​Bitmine kembali menambah cadangan asetnya dengan mengakuisisi 26.497 ETH di harga rata-rata $2.061, dengan total pengeluaran mencapai $54,61 juta. Penambahan ini mendongkrak total kepemilikan perusahaan menjadi 5.416.901 ETH dengan valuasi sekitar $10,76 miliar, yang sekaligus mengukuhkan posisi Bitmine sebagai pemegang cadangan aset digital terbesar kedua di dunia setelah Strategy.
​Chairman Bitmine, Tom Lee, memproyeksikan perusahaannya akan mencapai target kepemilikan 5% dari total pasokan Ethereum pada tahun 2026. Saat ini, Bitmine tercatat telah menguasai sekitar 4,49% dari 120,7 juta ETH yang beredar. Namun, di balik akumulasi agresif tersebut, Bitmine saat ini harus menanggung floating loss sebesar $8,12 miliar atau merugi sekitar 43%. Hal ini terjadi lantaran average cost basis keseluruhan aset ETH mereka berada di level $3.485, jauh di atas harga ETH saat ini di kisaran harga $1.979.
​Untuk mengoptimalkan utilitas aset di tengah tekanan harga tersebut, Bitmine memaksimalkan imbal hasil melalui mekanisme staking.
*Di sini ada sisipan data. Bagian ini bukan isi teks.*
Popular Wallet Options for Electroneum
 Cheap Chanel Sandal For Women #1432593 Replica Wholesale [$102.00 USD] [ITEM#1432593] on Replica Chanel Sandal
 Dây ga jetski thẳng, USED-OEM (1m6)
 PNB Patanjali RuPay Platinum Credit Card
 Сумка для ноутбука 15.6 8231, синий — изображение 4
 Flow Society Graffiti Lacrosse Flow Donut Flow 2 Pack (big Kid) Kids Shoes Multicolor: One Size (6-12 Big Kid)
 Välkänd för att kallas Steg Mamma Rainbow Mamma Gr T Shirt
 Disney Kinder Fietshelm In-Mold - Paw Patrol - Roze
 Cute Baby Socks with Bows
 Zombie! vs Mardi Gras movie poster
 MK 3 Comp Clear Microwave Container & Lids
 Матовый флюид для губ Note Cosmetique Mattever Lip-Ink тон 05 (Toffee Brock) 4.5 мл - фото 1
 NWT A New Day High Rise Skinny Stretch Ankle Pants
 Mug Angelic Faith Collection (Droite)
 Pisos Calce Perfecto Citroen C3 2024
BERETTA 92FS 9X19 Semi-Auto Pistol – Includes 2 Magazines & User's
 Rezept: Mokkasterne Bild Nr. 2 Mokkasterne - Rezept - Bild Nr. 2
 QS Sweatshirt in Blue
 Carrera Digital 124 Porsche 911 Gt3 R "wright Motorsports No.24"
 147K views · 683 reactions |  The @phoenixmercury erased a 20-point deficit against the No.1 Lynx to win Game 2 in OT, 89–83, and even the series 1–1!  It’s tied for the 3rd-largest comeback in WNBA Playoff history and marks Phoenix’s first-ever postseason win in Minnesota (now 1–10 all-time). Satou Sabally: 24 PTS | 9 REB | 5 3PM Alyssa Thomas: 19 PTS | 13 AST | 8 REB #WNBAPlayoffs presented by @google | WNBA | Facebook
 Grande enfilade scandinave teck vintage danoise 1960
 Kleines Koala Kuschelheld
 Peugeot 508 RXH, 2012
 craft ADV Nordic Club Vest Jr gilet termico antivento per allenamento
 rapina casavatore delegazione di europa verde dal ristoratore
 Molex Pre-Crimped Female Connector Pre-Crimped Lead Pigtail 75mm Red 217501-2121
Perusahaan tercatat telah mengunci sekitar 4,7 juta ETH, yang membuahkan pendapatan tahunan sebesar $258 juta. Lee optimis proyeksi imbal hasil ini dapat meningkat hingga $296 juta secara tahunan ketika seluruh aset ETH milik Bitmine dikunci sepenuhnya melalui jaringan validator internal (MAVAN) maupun mitra strategis seperti Coinbase.